Given information Start Marker
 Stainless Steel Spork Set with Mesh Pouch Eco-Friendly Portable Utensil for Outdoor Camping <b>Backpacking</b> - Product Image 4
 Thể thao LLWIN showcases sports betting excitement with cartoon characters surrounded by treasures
Given information End Marker
Given information Start Marker
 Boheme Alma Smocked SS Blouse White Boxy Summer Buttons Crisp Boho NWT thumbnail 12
Given information End Marker
> **Task goal**: Tally the lines of the data that contain the string "with", and report nothing but the tally.

> **Reply**: 2